We created a trainable model that was trained on user clicks as a target variable. Given our large and imbalanced dataset, we sampled an equal number of clicked and unclicked articles to ensure balanced data for evaluation. Using neural network architecture drawn in Figure 2, we seamlessly integrated additional features into our recommender system, such as article length and other parameters. Since our business KPI is a continuous variable, we also trained models with clicks weighted by this KPI, similar to the approach described in [9]. Weighting by the business KPI resulted in an increase in this KPI in online tests.

Model Ensemble Architecture

We previously outlined two key components of our recommendation system. The reinforcement learning module identifies popular and trending articles, while the prediction model captures individual user preferences. For optimal user satisfaction, the recommendation system must integrate both aspects.
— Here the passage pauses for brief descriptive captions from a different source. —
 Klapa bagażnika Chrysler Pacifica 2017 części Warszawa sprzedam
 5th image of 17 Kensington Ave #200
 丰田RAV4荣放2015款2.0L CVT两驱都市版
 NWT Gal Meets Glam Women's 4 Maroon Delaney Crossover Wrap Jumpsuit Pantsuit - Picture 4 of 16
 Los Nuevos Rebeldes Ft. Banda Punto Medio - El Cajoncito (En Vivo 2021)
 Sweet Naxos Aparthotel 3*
Relying solely on a popularity-based model neglects individual user preferences, whereas a user-preference model may overlook trending articles, which are crucial in the news domain.
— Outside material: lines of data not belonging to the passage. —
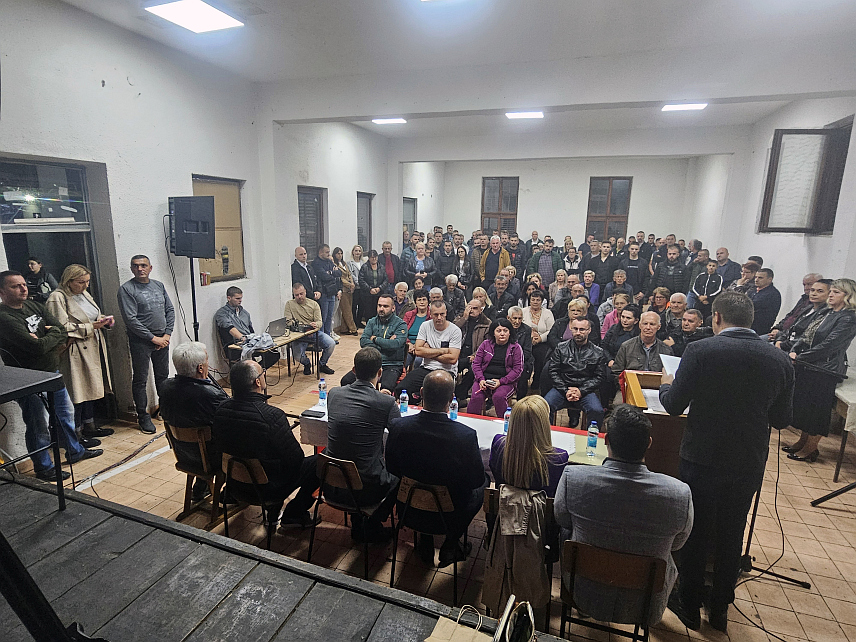 ПРИЈЕДОР, 18. СЕПТЕМБРА /СРНА/ - Кандидат СНСД-а за градоначелника Приједора Слободан Јавор изјавио је вечерас да СНСД са поносом и образом иде у сваки дио овог града, у свих 49 мјесних заједница и у свако село.
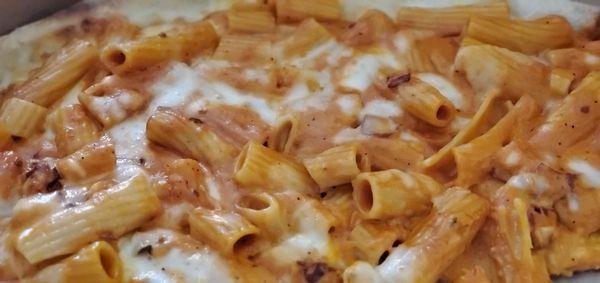 Vodka Rigatoni Pizza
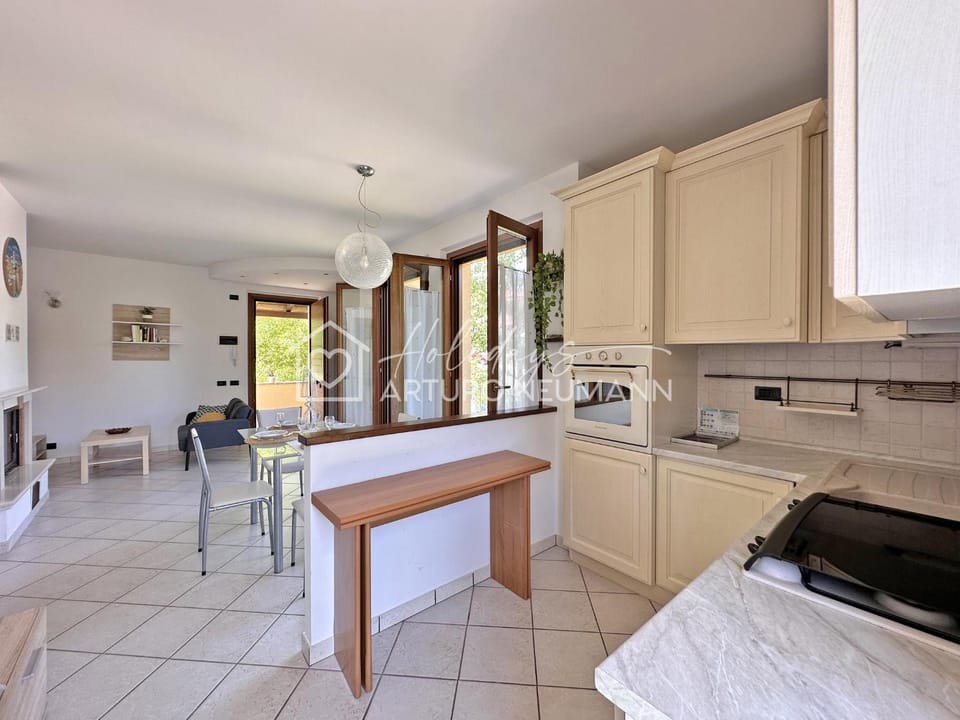 Kitchen or kitchenette, Dining area, stove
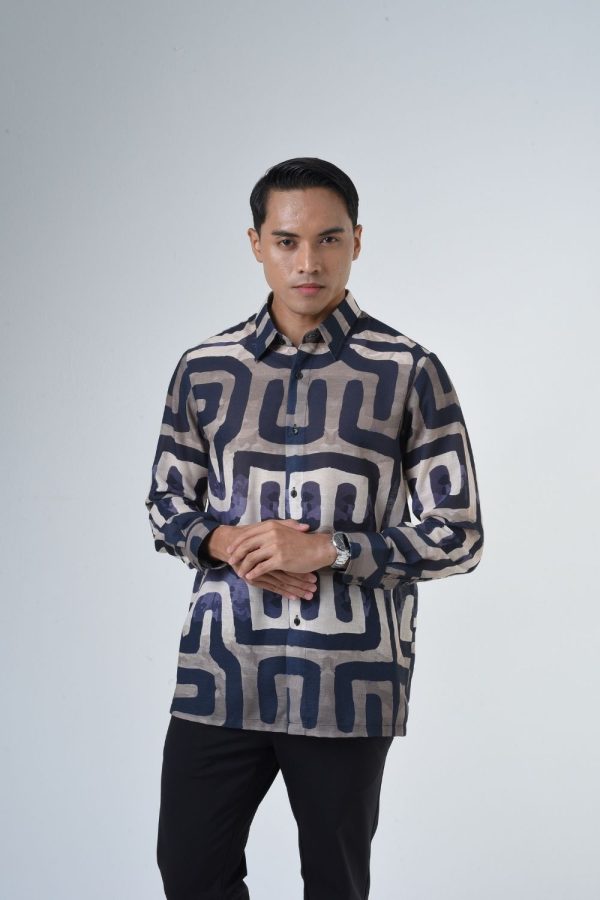 EDWARD (2) EDWARD (2)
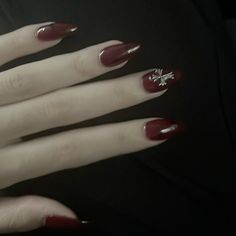 Short Gothic Acrylic Nails, Short Dark Nails Designs, Dark Red Goth Nails, Dark Red Nail Inspo Design, Cute Nails Dark, Goth Short Nails, Fall Nude Nails, Autumn Manicure, Dark Red Nails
We evaluated several methods for combining multiple recommendations, two of which advanced to the online testing phase and are now employed in daily operations:

• Proportional Random Mixer -In this approach, each recommendation method is assigned a target proportion within the final content set (e.g., 40% of recommendations from a bandit algorithm and 60% from a deep learning model). For the k-th position in the final recommendation list, an article is selected randomly from the k-th positions of the input recommendations, with the selection probability proportional to the assigned target share. • Weighted Average Mixer -In this method, each content item from the input recommendations is associated with a score from the corresponding model. These scores are normalized to the range [0.0, 1.0] to ensure equity. Each content item is then assigned a new score, which is a weighted average of the scores from the input models, and the final recommendation list is ordered based on these new scores.

Online testing proved that the weighted average mixer performed significantly better. Consequently, all results and conclusions presented in this paper are based on the weighted average mixer.

Experimental Evaluation

In this section, we present a comprehensive evaluation of our proposed recommendation system. The evaluation is divided into three subsections: Offline Evaluation, Online Evaluation, and Results.
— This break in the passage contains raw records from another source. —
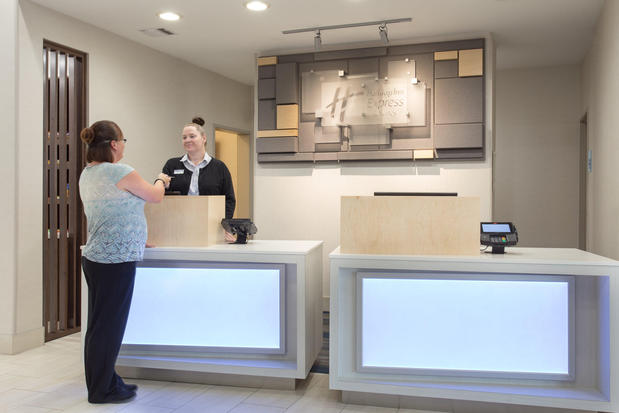 Images Holiday Inn Express & Suites Amarillo by IHG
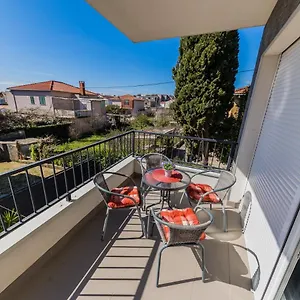 Apartament Maryann, Kaštela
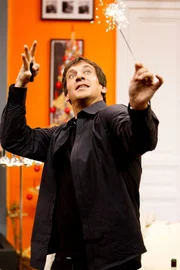 Eine Improvisationsshow vor Publikum - mit Michael Niavarani und Viktor Gernot. Im Bild: Viktor Gernot.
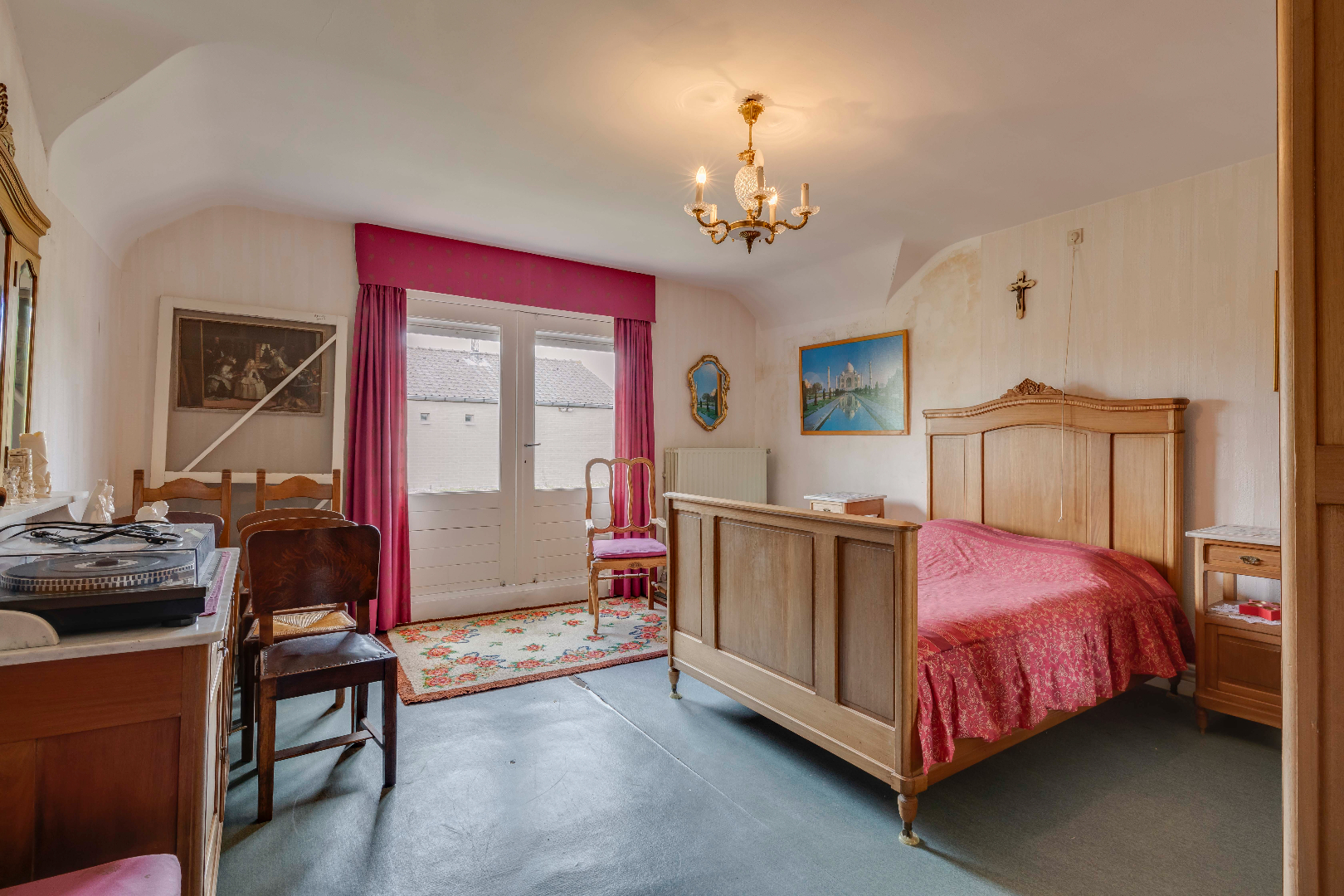 Residentieel gelegen open bebouwing met 5 slaapkamers en grote tuin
Offline Evaluation describes the performance metrics derived from historical data, allowing us to assess the model's predictive accuracy in a controlled environment. This process helps identify the best model for subsequent online testing.

Figure 1 :1Figure 1: The diagram of the segments calculation process.

Figure 2 :2Figure 2: The diagram of the deep model architecture. Input embeddings are calculated with pretrained models.

Figure 3 :3Figure 3: The diagram of the Aureus recommendation system illustrates the following components: Inputs consist of the user ID, a set of content items, and online business KPI metrics. The system integrates two submodels: a deep learning-based user interest model and a multi-armed bandit content popularity model. These submodels are combined using a specified combination strategy.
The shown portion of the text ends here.